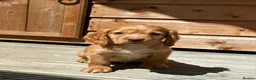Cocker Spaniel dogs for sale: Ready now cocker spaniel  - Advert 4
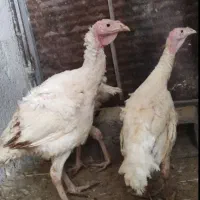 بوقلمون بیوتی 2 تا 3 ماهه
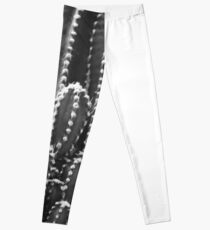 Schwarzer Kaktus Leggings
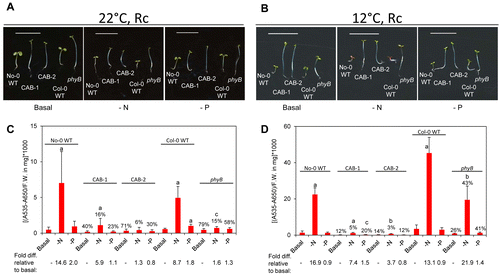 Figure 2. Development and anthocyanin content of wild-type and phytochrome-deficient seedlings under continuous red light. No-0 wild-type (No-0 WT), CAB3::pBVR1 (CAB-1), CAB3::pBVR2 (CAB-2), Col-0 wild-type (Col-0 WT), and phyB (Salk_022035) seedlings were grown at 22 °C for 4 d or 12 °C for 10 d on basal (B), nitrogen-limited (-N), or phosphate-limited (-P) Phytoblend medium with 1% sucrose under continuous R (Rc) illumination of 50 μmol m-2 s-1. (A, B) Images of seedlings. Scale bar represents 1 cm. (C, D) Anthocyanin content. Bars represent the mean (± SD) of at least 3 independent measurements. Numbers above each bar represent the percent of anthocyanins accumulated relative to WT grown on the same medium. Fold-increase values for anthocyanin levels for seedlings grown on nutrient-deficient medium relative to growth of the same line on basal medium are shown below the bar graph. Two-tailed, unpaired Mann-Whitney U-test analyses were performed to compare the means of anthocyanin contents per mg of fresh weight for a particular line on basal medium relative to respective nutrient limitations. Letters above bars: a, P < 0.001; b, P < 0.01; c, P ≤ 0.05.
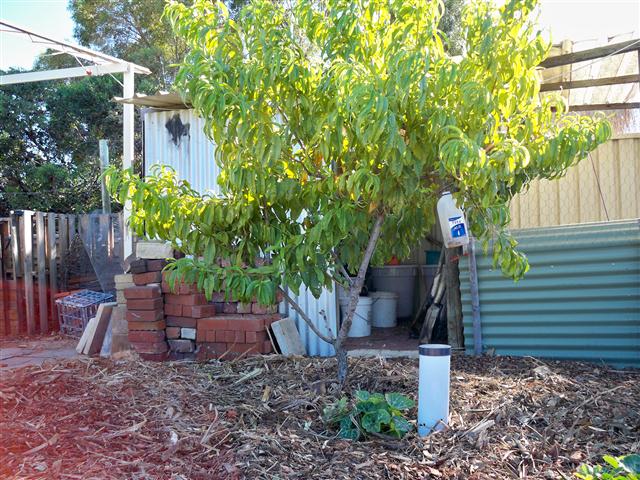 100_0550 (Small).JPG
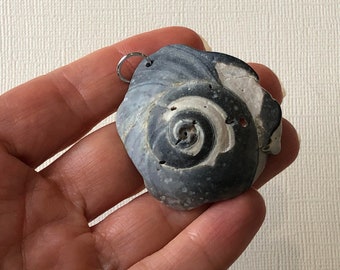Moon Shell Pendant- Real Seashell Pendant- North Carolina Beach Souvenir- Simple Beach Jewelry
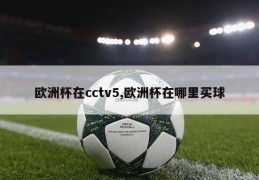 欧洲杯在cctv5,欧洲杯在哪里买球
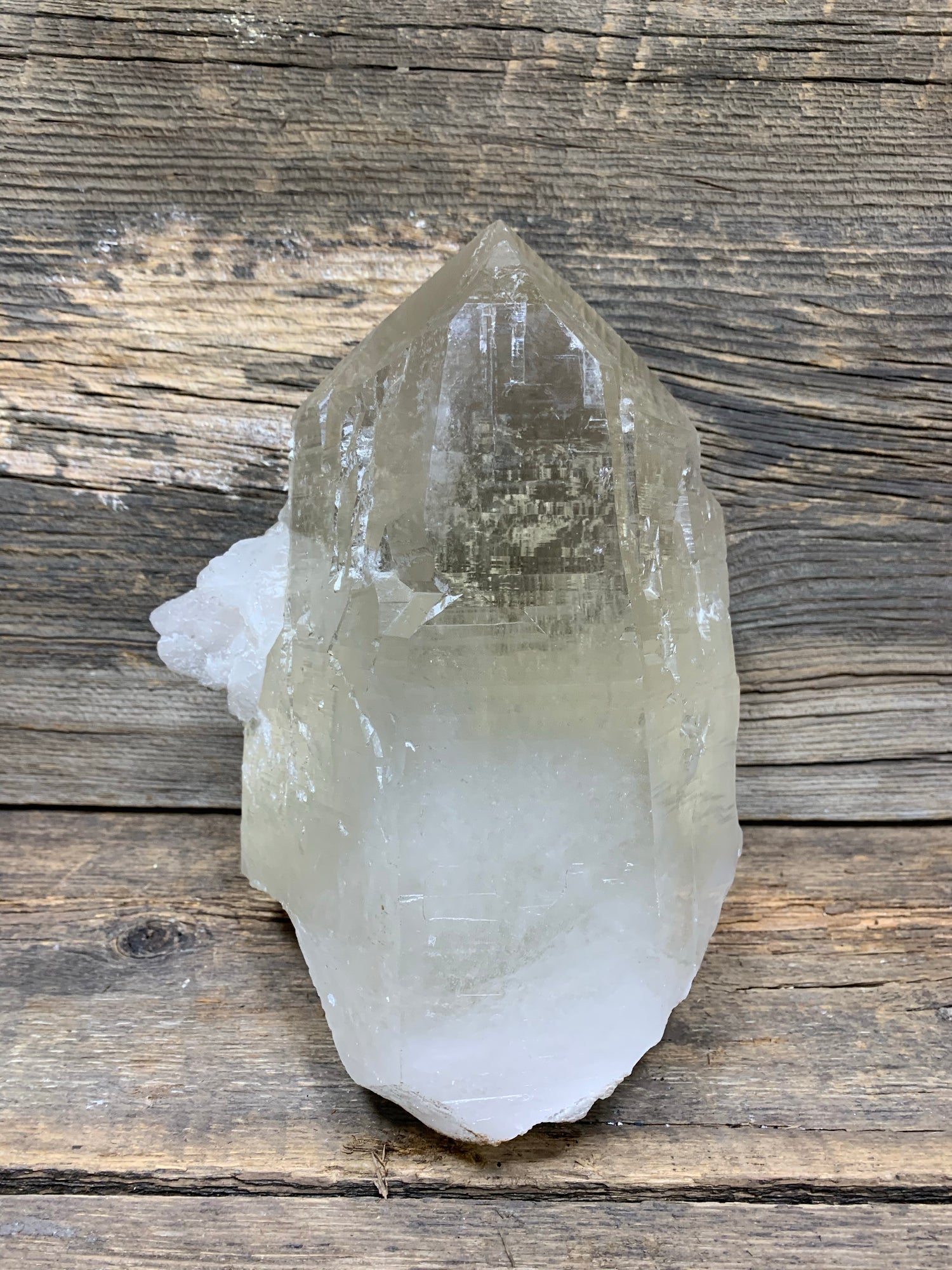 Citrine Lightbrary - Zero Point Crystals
◇ ◇ ◇ ◇ ◇ ◇ ◇
Exercise details: Retype the records above word for word, from their first line through the line containing "Schwarzer Kaktus Leggings", and leave out every picture.

Answer for the task:
Cocker Spaniel dogs for sale: Ready now cocker spaniel  - Advert 4
 بوقلمون بیوتی 2 تا 3 ماهه
 Schwarzer Kaktus Leggings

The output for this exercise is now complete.